Это совсем Бога забыть надо, рыцарскую честь потерять.
Эмилиано Тодерини был сыном Гильельмо Тодерини, бывшего главы Совета Девяти, смещенного графом Феличиано, обнаружившим немалые злоупотребления последнего. Эмилиано примкнул к Реканелли с благословения отца, но когда узнал, что напасть на братьев Чентурионе придётся в храме, странно дрогнул. Паоло же Корсини ожидал, что братья Реканелли захватят тирана Феличиано Чентурионе и будут судить, и кровавая драма под церковными сводами испугала его. Ужаснул его и тот, кому граф Феличиано был обязан спасением, и чье имя толпа теперь превозносила - мессир Северино Ормани. Оба пленника были удручены и сокрушены сердцем, и потому мессиру Меньи не пришлось, к его немалому изумлению, прибегать к угрозам.
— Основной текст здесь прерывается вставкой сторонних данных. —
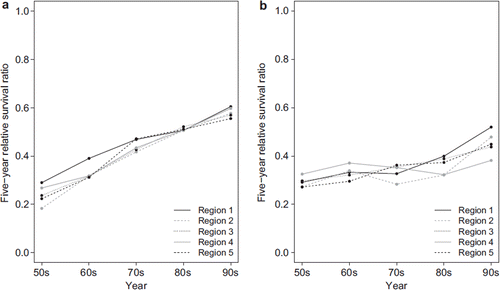 Figure 1. Trends in five-year relative survival ratios for (a) colon and (b) ovarian cancer, by cancer control region in Finland (50s = 1953–1962, 60s = 1963–1972, etc.).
Правда, Тодерини знал немного, ибо присоединился к заговору поздно, Паоло же подтвердил, что переговоры Джузеппе Реканелли вёл именно с Пьетро Сордиано, дважды побывавшем ночами в доме Реканелли, но сколько ему было уплачено - о том не знал.
Эннаро ощутил тяжелую, давящую сердце усталость. Сомнений не было, его предали. Он с трудом поднялся и, дав знак своим людям идти за ним, покинул каземат. Тантуччи и Пассано молчали, и Меньи, просто желая лишний раз убедиться в том, в чём и без того не сомневался, спросил подчиненных, верят ли они в вину Сордиано? Тантуччи кивнул сразу, Пассано помедлил, но встретившись с Эннаро глазами, твердо ответил.
– Да, это он. Я видел его как-то вечером у палаццо Реканелли. Правда, в голову ничего дурного не пришло. Да и как можно-то? На наших глазах вырос.
– Крочиато сказал, что он из-за этой, епископской сестрицы, на это пошёл...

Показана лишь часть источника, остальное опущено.